The UK Independence party is within striking distance of winning three of its target seats from the Conservatives at the general election, according to polling in those constituencies.
Data released on Thursday by Tory donor Lord Ashcroft showed that in Castle Point, Essex, where Ukip leader Nigel Farage launched his party’s election campaign last week, Ukip is just one point behind the Tories. This represents a 21.5 per cent swing away from the Tories.
Two other seats showing positive polling for Ukip were Boston & Skegness, where the party is three points behind the Tories with an 18.5 per cent swing, and South Basildon & East Thurrock, where it is six points behind the Conservatives with a 16 per cent swing.

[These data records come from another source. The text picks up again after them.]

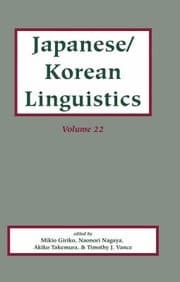 Tapa de Japanese/Korean Linguistics, Vol. 22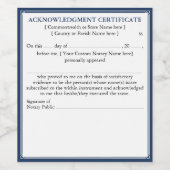 Notariële Erkenningscertificaat Document 3,5x4" Wijn Etiket (Enkel label)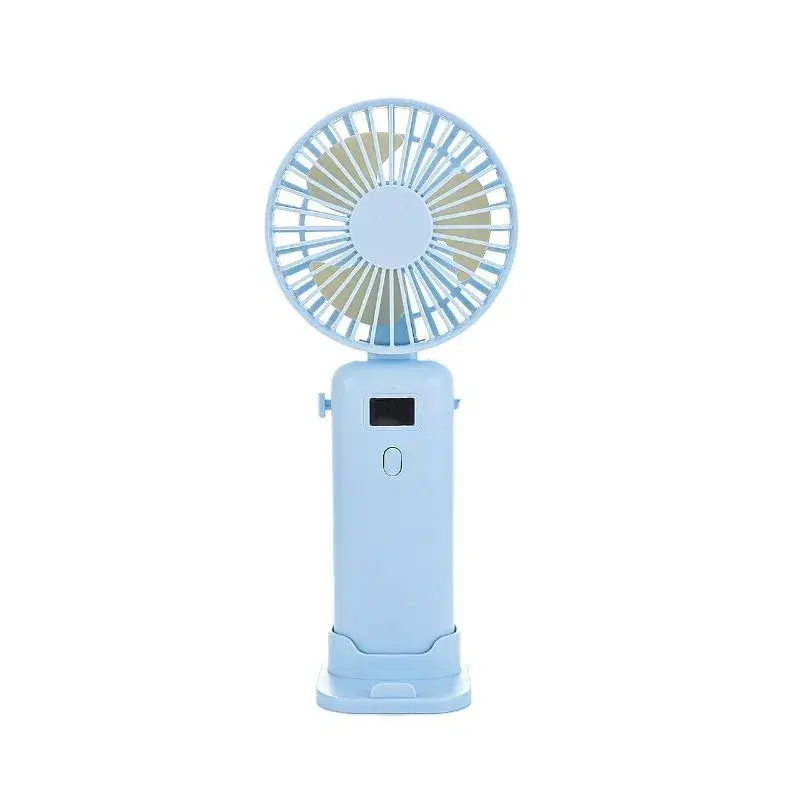 light blue, foldable mini handheld fan that features a digital battery display
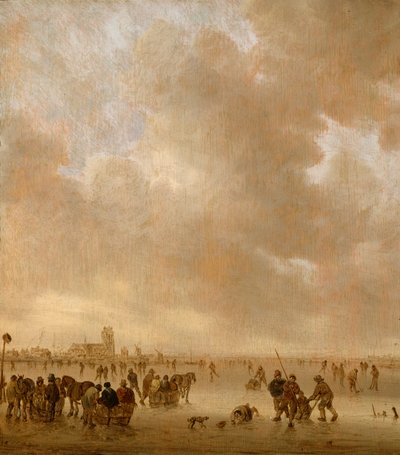 Auf dem Eis bei Dordrecht von Jan van Goyen
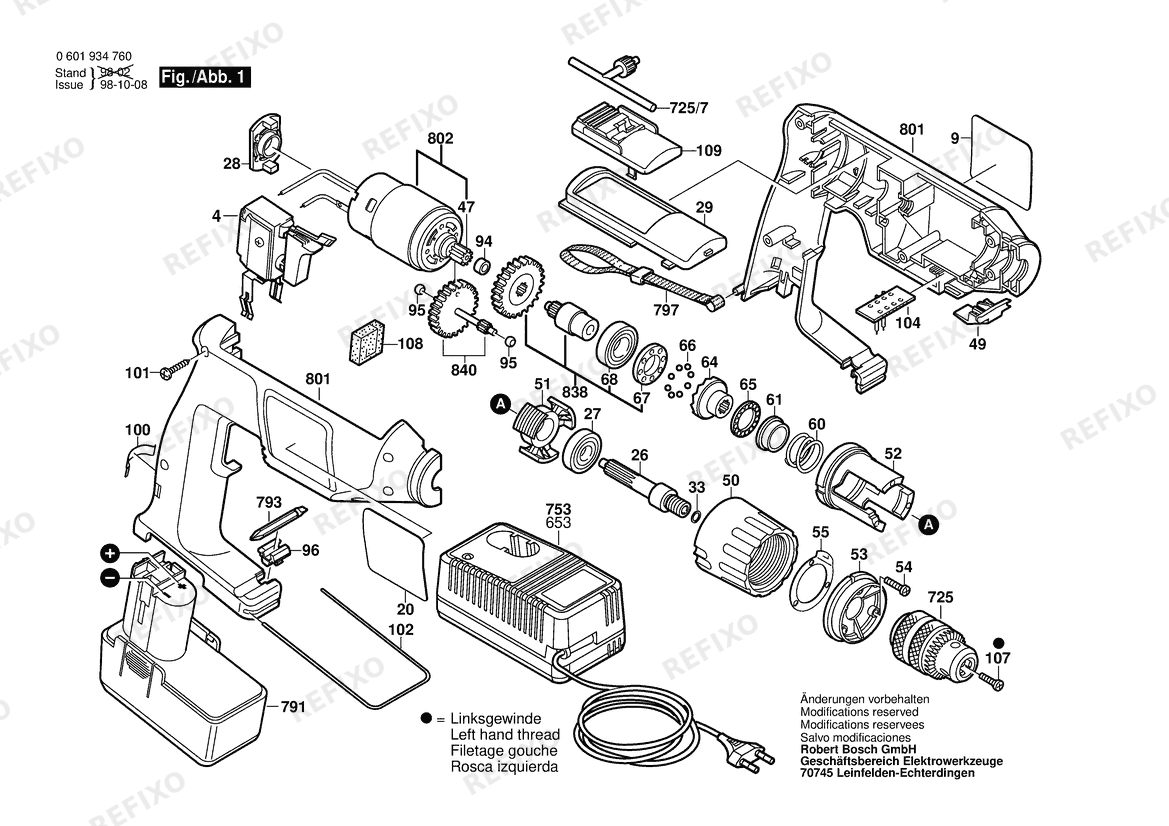 Bosch Gw- аккумуляторный - шуруповёрт GSR 7,2 VE-1 | 7.2 V | 036 - GB (0 601 934 764) — схема запчастей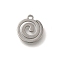 304 Stainless Steel Charms, Laser Cut, Spiral Charm, Stainless Steel Color, 9.5x10.5x1mm, Hole: 1.2mm
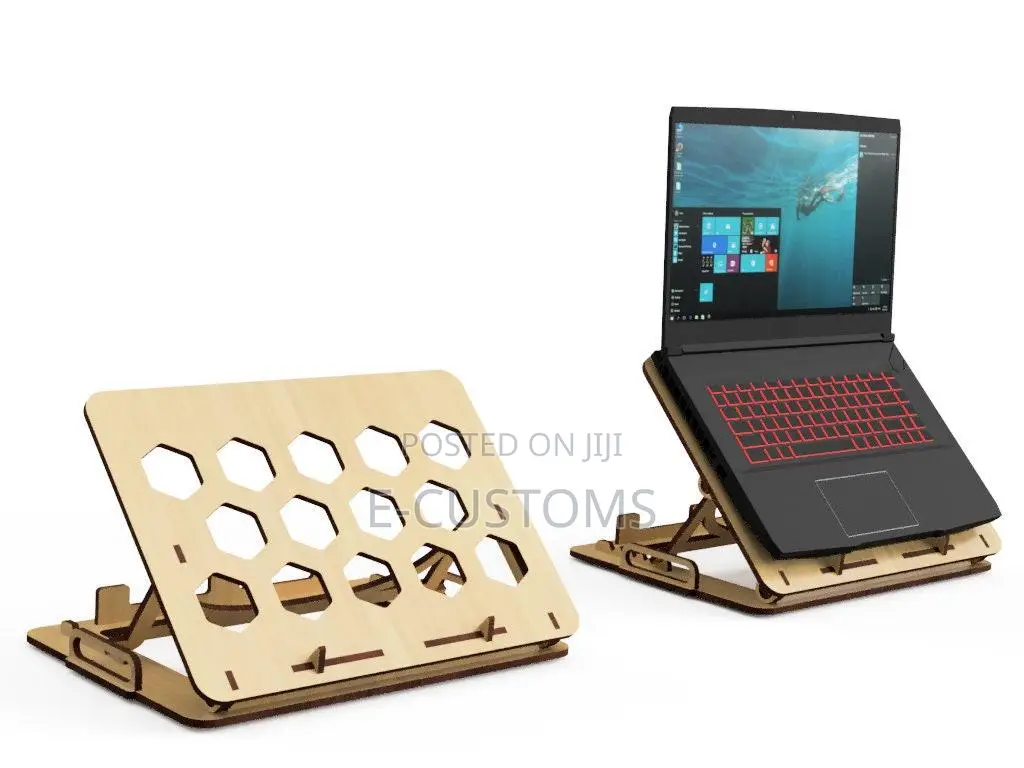 Ergonomic Wooden Laptop Stand | CNC Cut | Custom Designs Available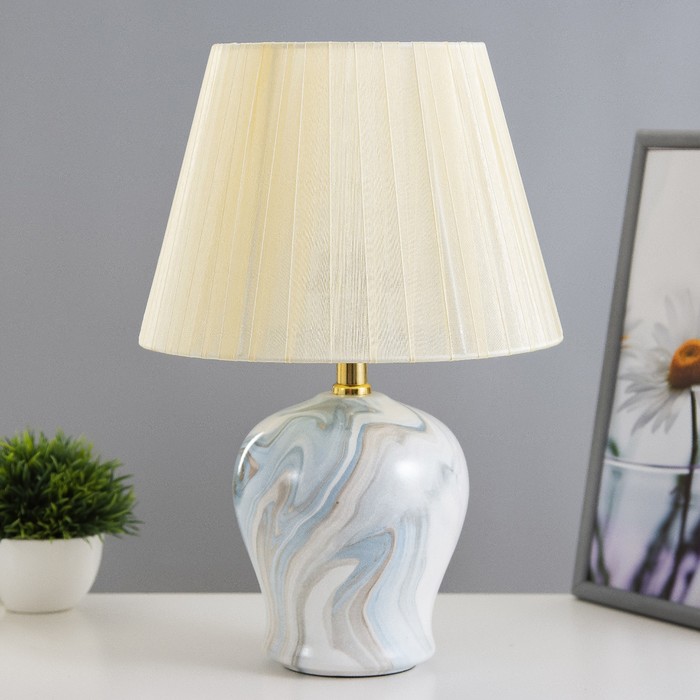 

Настольная лампа "Симона" Е27 40Вт бело-лазурный 25х25х36 см RISALUX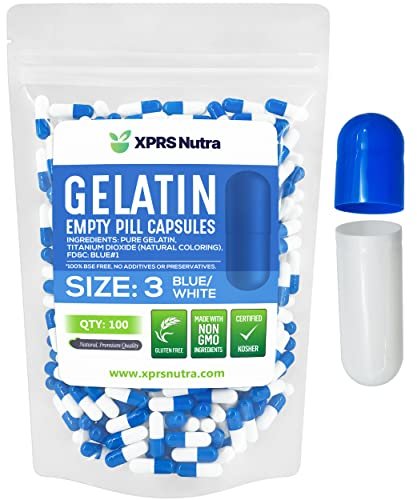 XPRS Nutra Size 3 Empty Capsules - 100 Count Empty Gelatin Capsules - Pills DIY Capsule Filling - Pure Bovine Pill Gel Caps Fillable for Do-It-Yourself Vitamins and Supplements (Blue/White) - görsel 2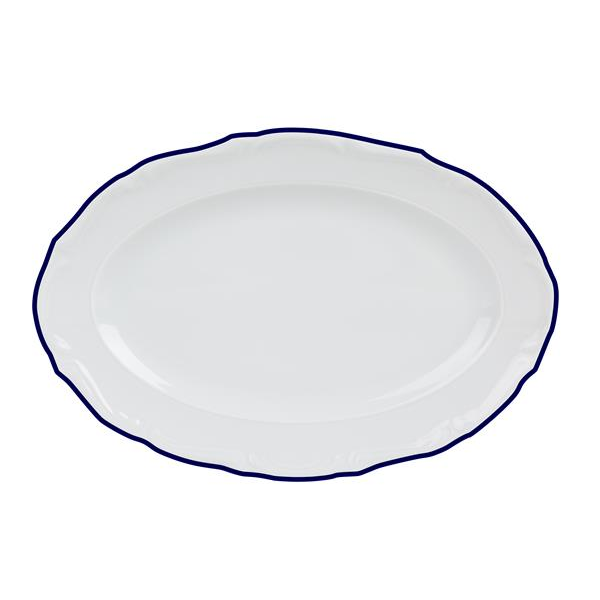 Блюдо овальное l=30см,  синий кант,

Of the four seats scrutinised by Lord Ashcroft, only one showed a more positive message for the Conservatives. In North East Cambridgeshire, David Cameron’s party has maintained a 21-point lead despite a swing to Ukip.
Chris Bruni-Lowe, Ukip’s head of campaigns, described the polling as “very encouraging” and showed that local candidates were making “great progress” against incumbent MPs.
“All over the country our candidates are taking the fight to the Westminster establishment,” Mr Bruni-Lowe said. “And looking at these polls, [Ukip candidates] look set to create a number of upsets.”
Analysis of voters in all four constituencies showed that 61 per cent of Conservative-Ukip switchers stated that an overall Tory majority was their preferred election outcome. Nearly a third of all those planning to vote Ukip wanted to see a Tory majority and 13 per cent wanted to see the Tories leading a coalition. By comparison, nearly a quarter of Ukip voters said they would prefer Labour to have an overall majority.
Mr Farage formally kicked off his party’s election campaign last week on Canvey Island, which is within the Castle Point constituency. He announced that Ukip would not enter a coalition with any party after the election, and that he would not consider a deal with Labour in which he propped up the party by backing its budget and supporting it in a confidence vote — in the event of a minority government — unless its leader Ed Miliband dropped his opposition to a referendum on Britain’s membership of the EU.